Comet 46P: Stunning Time-Lapse Is a Preview of Its Green Peak on Sunday
For New Mexico resident Mike Lewinski, the best adventures happen in the sky over his front yard. As dusk falls, he sets up a high-resolution camera on a fixed tripod and points it toward space, creating stunning time-lapse movies of the sky as it changes overnight. In the video he filmed the night of December 8, he caught an gorgeous early glimpse of a long-awaited visitor: Comet 46P/Wirtannen, or the “Christmas comet.” It’s expected to be its brightest in the sky on Sunday, December 16.
“It’s an adventure to wake up and see what I caught over night while sleeping,” Lewinski tells Inverse. The video above, he says, was filmed outside of Tres Piedras, at about 8,000-foot altitude in the Sangre de Cristo mountains. “The first time I saw the comet I was not expecting it and it was a very nice surprise.”
"It’s an adventure to wake up and see what I caught over night while sleeping.
Comet 46P’s orbit around the Sun brings it toward Earth every 5.4 years; the last time it visited was in July 2013, and before that in February 2008. Now that it’s approaching its perihelion — its closest approach to the sun — it’s swinging as close as it can to Earth. On Sunday, it will be about 7,190,000 miles from Earth, near enough to be seen with the naked eye.
In his video, featured above, you can catch a glimpse of Comet 46P in the early stages of its visit — if your eyes are fast enough. Named after astronomer Carl Wirtanen, who discovered it in 1948, the comet moves quickly; as Abrams Planetarium Director Shannon Schmoll writes, Wirtanen was a “skilled object hunter and used photos of the night sky to spot the quickly moving object, at least astronomically speaking.”
Fortunately, Lewinski’s time-lapse camera skills allow the less skilled object hunters among us to catch a preview of the green-hued comet as it zooms across our sky. The comet first appears around the 0:21 mark in the video, or at 5:48:20 PM MST.
“It was never clearly visible to my naked eye, even in the darkest night,” he says. “But the green really pops against the dark sky [in] the time lapse.”

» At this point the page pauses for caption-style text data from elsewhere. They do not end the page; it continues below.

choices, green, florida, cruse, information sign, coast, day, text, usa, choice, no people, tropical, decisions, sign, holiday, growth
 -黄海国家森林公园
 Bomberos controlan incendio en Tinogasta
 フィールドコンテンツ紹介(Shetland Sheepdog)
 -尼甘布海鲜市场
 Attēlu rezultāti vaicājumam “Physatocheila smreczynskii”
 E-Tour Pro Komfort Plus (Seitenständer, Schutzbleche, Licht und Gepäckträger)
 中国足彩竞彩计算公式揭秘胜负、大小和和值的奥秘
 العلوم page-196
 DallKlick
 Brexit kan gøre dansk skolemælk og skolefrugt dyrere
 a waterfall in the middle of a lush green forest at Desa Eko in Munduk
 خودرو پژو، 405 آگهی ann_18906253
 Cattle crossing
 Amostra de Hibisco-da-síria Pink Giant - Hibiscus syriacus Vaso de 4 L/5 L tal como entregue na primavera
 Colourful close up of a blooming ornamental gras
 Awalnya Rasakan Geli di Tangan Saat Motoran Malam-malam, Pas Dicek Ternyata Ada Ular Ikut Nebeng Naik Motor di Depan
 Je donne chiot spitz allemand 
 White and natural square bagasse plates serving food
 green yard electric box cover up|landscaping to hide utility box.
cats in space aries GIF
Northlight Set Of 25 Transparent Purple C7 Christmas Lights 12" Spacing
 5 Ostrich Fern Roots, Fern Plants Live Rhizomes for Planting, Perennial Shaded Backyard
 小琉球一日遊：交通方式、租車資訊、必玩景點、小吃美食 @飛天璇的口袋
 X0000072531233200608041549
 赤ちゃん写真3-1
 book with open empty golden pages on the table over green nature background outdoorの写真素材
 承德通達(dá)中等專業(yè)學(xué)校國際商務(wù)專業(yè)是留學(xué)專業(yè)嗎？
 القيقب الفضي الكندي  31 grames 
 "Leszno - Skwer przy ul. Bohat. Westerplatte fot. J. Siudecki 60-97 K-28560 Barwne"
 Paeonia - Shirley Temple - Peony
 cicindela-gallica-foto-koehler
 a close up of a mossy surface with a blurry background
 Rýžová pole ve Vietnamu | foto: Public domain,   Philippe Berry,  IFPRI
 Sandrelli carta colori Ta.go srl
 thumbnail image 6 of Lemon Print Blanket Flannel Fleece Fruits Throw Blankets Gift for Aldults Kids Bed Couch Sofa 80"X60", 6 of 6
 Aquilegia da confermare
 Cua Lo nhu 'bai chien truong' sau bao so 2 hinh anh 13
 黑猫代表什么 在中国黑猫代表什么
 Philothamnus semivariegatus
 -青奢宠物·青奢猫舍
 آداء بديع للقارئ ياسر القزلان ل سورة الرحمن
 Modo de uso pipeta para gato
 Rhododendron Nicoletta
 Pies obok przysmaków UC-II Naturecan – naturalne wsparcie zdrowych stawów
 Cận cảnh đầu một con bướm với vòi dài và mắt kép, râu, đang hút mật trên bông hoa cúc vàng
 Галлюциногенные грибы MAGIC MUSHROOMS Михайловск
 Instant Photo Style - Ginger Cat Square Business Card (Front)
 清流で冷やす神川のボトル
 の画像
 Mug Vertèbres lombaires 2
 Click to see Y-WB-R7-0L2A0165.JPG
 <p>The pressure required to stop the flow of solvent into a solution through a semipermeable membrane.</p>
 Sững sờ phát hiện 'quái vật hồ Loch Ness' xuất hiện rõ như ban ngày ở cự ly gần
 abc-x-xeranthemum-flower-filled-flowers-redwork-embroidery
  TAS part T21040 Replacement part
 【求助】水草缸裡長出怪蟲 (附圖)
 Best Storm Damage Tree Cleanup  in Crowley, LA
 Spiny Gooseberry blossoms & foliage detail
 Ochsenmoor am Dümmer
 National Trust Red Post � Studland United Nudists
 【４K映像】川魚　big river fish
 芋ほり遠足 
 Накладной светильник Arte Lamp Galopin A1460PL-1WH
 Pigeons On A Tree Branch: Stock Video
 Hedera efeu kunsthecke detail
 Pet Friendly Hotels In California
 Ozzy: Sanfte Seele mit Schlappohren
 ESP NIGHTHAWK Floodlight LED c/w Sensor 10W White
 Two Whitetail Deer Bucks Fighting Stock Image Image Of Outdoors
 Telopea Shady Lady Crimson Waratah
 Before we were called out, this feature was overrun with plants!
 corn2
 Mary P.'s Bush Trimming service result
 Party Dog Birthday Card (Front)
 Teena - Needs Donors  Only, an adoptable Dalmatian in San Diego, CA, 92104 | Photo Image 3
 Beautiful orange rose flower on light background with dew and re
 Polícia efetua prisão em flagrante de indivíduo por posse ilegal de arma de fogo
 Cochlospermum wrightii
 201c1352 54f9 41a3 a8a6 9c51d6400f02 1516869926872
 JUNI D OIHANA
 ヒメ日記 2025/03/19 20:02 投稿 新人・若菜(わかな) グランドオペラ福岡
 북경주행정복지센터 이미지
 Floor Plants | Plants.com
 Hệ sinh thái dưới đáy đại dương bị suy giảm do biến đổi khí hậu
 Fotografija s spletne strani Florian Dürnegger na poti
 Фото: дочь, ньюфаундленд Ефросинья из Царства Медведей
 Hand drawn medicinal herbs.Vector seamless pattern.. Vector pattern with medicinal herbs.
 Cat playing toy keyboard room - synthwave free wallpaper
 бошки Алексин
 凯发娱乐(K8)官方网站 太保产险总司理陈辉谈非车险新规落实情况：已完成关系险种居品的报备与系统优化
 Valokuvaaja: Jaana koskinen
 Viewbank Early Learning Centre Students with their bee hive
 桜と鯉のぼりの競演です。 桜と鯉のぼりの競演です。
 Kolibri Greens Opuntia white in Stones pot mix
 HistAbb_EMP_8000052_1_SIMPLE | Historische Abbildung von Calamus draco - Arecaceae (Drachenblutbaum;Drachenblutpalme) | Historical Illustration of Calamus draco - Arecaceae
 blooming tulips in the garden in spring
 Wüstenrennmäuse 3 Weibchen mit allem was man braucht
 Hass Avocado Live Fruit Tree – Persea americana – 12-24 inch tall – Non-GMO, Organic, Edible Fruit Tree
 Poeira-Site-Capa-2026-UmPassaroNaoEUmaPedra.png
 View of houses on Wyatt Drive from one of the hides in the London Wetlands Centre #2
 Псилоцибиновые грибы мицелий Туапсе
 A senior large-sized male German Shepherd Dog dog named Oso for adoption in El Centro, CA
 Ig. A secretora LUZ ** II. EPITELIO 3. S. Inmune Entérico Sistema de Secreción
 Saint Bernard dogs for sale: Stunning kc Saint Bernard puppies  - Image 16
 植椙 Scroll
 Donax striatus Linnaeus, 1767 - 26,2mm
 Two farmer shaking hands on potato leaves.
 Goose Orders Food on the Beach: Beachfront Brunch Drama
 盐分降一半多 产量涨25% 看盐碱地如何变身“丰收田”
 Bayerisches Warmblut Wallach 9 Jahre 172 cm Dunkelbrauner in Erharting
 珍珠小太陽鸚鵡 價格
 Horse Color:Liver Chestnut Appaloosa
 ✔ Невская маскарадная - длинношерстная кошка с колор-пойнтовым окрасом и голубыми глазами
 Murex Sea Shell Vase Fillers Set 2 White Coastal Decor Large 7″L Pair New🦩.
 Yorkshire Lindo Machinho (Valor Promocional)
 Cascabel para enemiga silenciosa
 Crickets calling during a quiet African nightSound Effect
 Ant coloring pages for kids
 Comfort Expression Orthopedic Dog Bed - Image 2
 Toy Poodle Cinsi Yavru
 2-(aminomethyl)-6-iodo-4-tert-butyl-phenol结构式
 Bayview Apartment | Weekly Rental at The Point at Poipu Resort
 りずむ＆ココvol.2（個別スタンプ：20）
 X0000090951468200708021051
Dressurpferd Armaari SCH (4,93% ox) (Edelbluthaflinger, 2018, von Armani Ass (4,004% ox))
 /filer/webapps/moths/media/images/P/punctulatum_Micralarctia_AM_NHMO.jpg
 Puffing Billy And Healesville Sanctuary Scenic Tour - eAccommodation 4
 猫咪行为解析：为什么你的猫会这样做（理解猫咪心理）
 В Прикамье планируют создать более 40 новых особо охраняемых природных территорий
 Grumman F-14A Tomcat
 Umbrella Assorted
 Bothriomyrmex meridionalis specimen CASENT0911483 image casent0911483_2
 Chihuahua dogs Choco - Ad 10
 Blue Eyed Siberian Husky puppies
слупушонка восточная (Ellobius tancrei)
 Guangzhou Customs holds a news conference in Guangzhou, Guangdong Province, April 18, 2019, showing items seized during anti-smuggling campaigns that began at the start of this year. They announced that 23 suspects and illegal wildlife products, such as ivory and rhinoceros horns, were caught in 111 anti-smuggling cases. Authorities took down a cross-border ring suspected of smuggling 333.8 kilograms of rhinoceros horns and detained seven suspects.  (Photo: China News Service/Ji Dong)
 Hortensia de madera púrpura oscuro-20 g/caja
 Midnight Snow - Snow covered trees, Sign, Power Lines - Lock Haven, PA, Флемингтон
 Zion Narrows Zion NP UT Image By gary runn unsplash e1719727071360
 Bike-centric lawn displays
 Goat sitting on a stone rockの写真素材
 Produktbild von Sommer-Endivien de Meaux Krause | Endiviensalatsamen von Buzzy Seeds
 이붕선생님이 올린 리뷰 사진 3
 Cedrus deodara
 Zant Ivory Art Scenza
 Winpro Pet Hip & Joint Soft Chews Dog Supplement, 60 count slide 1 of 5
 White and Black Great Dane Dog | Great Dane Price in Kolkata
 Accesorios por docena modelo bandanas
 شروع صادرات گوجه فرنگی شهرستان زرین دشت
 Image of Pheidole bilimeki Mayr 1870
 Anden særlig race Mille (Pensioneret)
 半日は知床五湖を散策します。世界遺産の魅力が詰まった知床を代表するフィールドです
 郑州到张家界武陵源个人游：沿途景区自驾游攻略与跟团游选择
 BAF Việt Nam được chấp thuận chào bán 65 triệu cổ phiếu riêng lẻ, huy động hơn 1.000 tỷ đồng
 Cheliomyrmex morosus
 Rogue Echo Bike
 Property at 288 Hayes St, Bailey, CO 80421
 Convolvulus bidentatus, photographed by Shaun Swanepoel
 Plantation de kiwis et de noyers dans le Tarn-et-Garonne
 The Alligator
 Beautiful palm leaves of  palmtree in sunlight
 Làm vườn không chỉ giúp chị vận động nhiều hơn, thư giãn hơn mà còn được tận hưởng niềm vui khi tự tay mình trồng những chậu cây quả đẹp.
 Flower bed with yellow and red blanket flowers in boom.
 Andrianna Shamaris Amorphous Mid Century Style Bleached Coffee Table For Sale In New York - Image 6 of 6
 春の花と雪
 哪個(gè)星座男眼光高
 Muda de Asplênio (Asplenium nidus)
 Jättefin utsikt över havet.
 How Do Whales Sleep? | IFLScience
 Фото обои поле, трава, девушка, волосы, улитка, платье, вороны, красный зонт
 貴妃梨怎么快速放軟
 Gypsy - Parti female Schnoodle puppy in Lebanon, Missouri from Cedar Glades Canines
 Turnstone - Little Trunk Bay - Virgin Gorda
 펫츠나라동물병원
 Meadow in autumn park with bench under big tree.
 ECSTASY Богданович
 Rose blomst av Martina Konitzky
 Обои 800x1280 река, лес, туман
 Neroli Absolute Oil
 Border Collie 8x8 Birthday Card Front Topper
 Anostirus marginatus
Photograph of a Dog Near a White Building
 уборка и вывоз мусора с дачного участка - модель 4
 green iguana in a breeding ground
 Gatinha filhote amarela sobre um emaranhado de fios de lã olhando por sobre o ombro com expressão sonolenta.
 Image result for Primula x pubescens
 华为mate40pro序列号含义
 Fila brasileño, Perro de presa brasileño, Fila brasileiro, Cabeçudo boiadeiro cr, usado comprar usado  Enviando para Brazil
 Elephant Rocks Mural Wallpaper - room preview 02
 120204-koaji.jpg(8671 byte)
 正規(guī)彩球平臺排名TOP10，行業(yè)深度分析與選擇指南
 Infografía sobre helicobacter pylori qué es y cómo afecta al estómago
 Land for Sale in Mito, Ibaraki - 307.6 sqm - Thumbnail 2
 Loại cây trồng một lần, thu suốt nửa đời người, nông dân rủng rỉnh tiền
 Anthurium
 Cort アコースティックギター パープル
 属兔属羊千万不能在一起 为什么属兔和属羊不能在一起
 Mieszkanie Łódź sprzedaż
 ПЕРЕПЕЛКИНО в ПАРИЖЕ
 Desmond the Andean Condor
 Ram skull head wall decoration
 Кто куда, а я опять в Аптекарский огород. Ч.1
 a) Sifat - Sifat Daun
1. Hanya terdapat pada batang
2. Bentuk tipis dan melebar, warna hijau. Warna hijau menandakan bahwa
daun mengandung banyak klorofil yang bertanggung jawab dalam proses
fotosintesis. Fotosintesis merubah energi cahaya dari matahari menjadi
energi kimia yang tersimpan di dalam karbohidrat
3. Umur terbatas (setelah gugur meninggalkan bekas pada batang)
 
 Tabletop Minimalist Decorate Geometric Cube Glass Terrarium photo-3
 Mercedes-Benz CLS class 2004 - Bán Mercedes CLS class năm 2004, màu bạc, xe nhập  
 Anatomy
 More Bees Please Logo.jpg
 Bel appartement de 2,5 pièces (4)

The comet appears green because some of the gases in its tail can be stimulated by the UV light in sunlight to emit energy that we perceive as a bluish green. Cyanide and diatomic carbon, in particular, can cause this glow when the comet comes close enough to the sun.
"My camera is a way to experience the beauty and reality of the world more fully than my eyes can alone.
Lewinski, who lives near what he calls the “mysterious” San Luis valley, a UFO hot spot, and nearby Dulce, NM, admits that at least “some part of my motivation [to film] is to capture something really exotic and inexplicable. After a lot of years, very little qualifies as extraterrestrial. My skepticism of those stories hardens by the day.” He uploads his videos to his YouTube channel under a Creative Commons license, he says, “to share what I experience and learn.”
Comet 46P/Wirtnanen is hardly inexplicable, but its extra-bright appearance and greenish hue will certainly be considered exotic when it appears in full bloom on Sunday night. Lewinski, no doubt, will be watching.
“My camera is a way to experience the beauty and reality of the world more fully than my eyes can alone,” he says.